Besides the above described dynamics in the system configuration, success criteria, and component behavior, statistical dependencies of component states across phases (in particular, the state of a component at the beginning of a phase should be identical to its state at the end of the previous phase) also contribute to the difficulty in analyzing the reliability of PMS [8]. Ref. [9] reviews the state-of-the-art of PMS reliability modeling and analysis techniques, where two classes of approaches were identified: analytical methods [1], [2], [3], [4], [5], [8], [9], [10], [11], [12], [13], [14], [15], [16], [17] and simulations [18], [19]. The analytical methods can be further classified into three categories: state space-oriented methods [1], [13], [14], [15], [16], combinatorial methods [3], [4], [5], [8], [10], [11], [12], and hybrid methods that combine the former two analytical methods as appropriate [2], [17]. To the best of our knowledge, no existing works on PMS have addressed competing failure propagation and isolation effects [20].
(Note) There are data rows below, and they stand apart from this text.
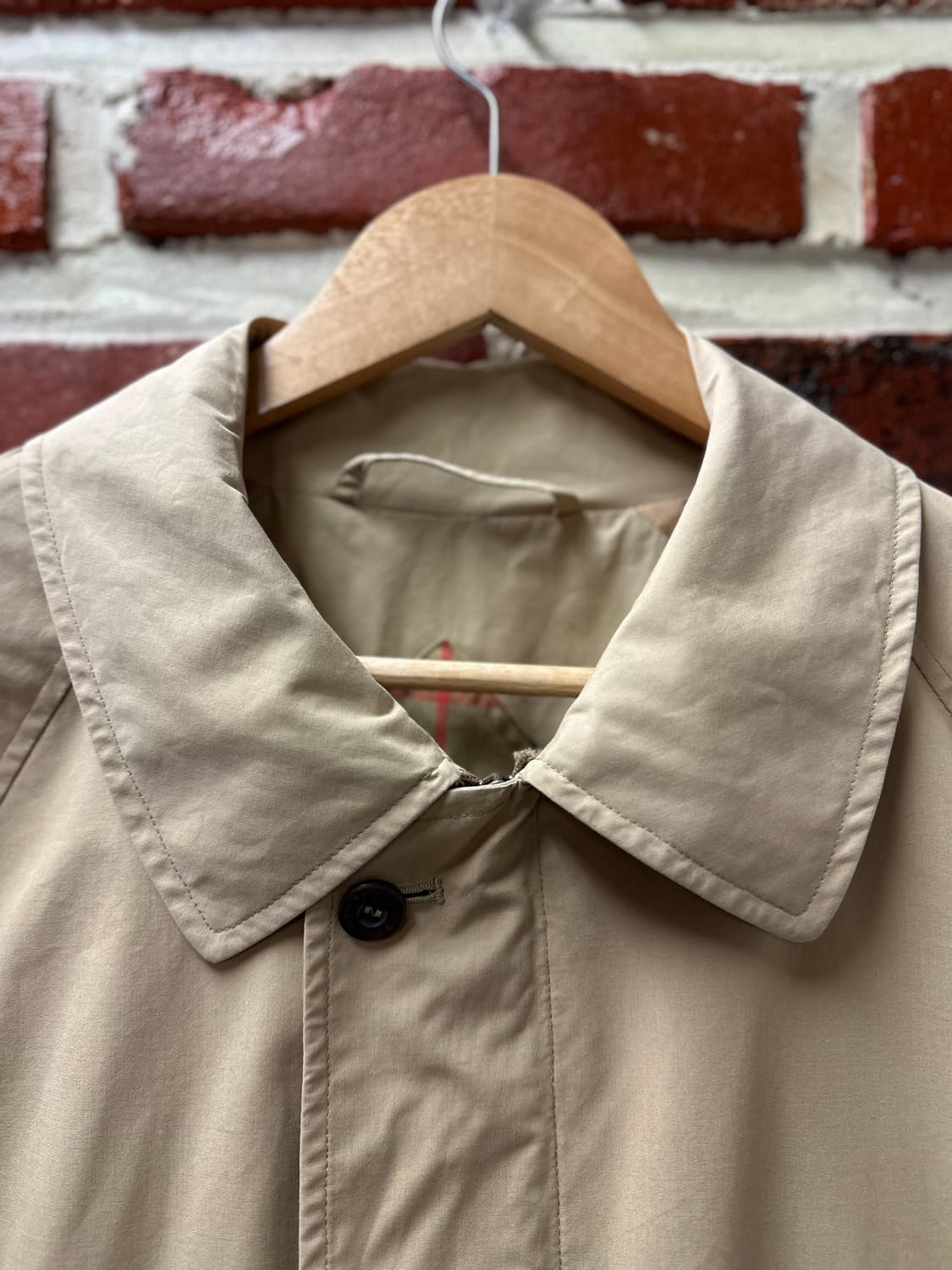 (M)버버리 크레스트 자수로고 헤링턴 자켓 상품이미지2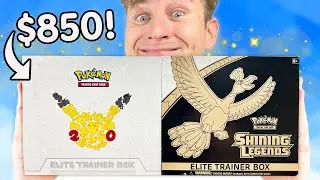 I Found $850 Elite Pokemon Boxes...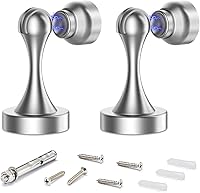 Vista 7 de Tope magnético de acero inoxidable, tope de puerta, resistente para varios tipos de puertas, mantiene tu puerta abierta, soporte de puerta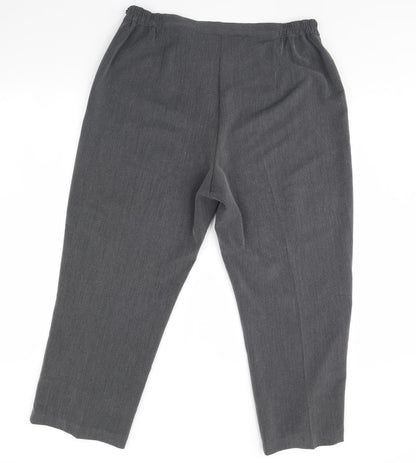BM Womens Grey   Trousers  Size 18 L28 in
Specifically, the failure propagation effect or a propagated failure occurs when a failure originating from a system component causes damage to other system components besides the component itself. Furthermore, if the failure affects all the system components and thus causes the entire system to fail, a propagated failure with global effect (PFGE) occurs [21]. There are two major causes for the occurrence of PFGE: imperfect fault coverage resulting from the malfunction of the system’s automatic fault detection/recovery mechanism [10], [22], [23], [24], [25], and destructive effect (e.g., explosion, blackout, overheating, voltage surge) of some system component on other system components in the case of failure [20]. However, it is not always the case that the PFGE causes the total failure for systems subject to functional dependence (FDEP) behavior, where the failure of a trigger component causes other components (referred to as dependent components) to become inaccessible or unusable. In particular, if the failure of the trigger component occurs before the PFGE of dependent component occurs, the failure isolation effect takes place. The entire system may or may not fail depending on the remaining operational components and the system structure function. In this case, the failure of the trigger component not only isolates the dependent components from the rest of the system but also makes the system insensitive to any failure originating from the dependent components. However, if the trigger component is still functioning when the PFGE of a dependent component happens, the propagation effect takes place causing the overall system failure.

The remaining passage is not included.